A remote ‘lost world’ off California‘s coast could rewrite the story of the first Americans.
Hidden among the Channel Islands are 13,000-year-old human remains, ancient settlements and evidence suggesting some of the continent’s earliest inhabitants may have arrived by boat rather than crossing an inland ice corridor.
If correct, the theory would overturn decades of conventional thinking that the first Americans crossed a land bridge from Siberia and traveled south through an ice-free corridor in western Canada.
Instead, it suggests Ice Age humans reached North America thousands of years ago by following a coastal ‘kelp highway,’ using boats to move along the Pacific shoreline and settle places like the Channel Islands.
The islands have also yielded the bones of pygmy mammoths and remarkably preserved archaeological sites that offer an unprecedented glimpse into Ice Age life. Scientists have described the chain of islands as a place where ancient landscapes and human history have been frozen in time.
Researchers said the evidence points to a forgotten maritime migration that could fundamentally change our understanding of America’s earliest people.
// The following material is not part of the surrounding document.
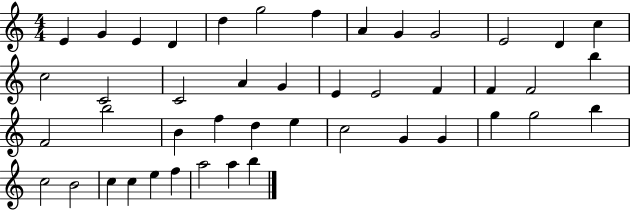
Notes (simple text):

E4/q G4/q E4/q D4/q D5/q G5/h F5/q A4/q G4/q G4/h E4/h D4/q C5/q C5/h C4/h C4/h A4/q G4/q E4/q E4/h F4/q F4/q F4/h B5/q F4/h B5/h B4/q F5/q D5/q E5/q C5/h G4/q G4/q G5/q G5/h B5/q C5/h B4/h C5/q C5/q E5/q F5/q A5/h A5/q B5/q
And they believe many of the answers may still be waiting to be uncovered.
The Channel Islands have been studied by scientists and archaeologists for more than a century, with some of their most important discoveries, including the remains of Arlington Springs Man, emerging during excavations in the mid-20th century.
Now, a new documentary released on June 30 on the YouTube channel Timeline is bringing fresh attention to these discoveries and the mysteries that still lie beneath the islands and surrounding waters.
Not all archaeologists agree that the Channel Islands provide definitive proof of a maritime migration.
While many researchers now accept that people were present in the Americas before the Clovis culture, experts continue to debate exactly when the first settlers arrived and whether they traveled by sea, by land, or through a combination of routes.
The eight California Channel Islands lie in the Pacific Ocean off Southern California, stretching from Point Conception near Santa Barbara to south of Los Angeles.
Author Frederic Caire Chiles, who has a PhD in history from the University of California at Santa Barbara, said in the film: ‘They are the trace of a vanished world.’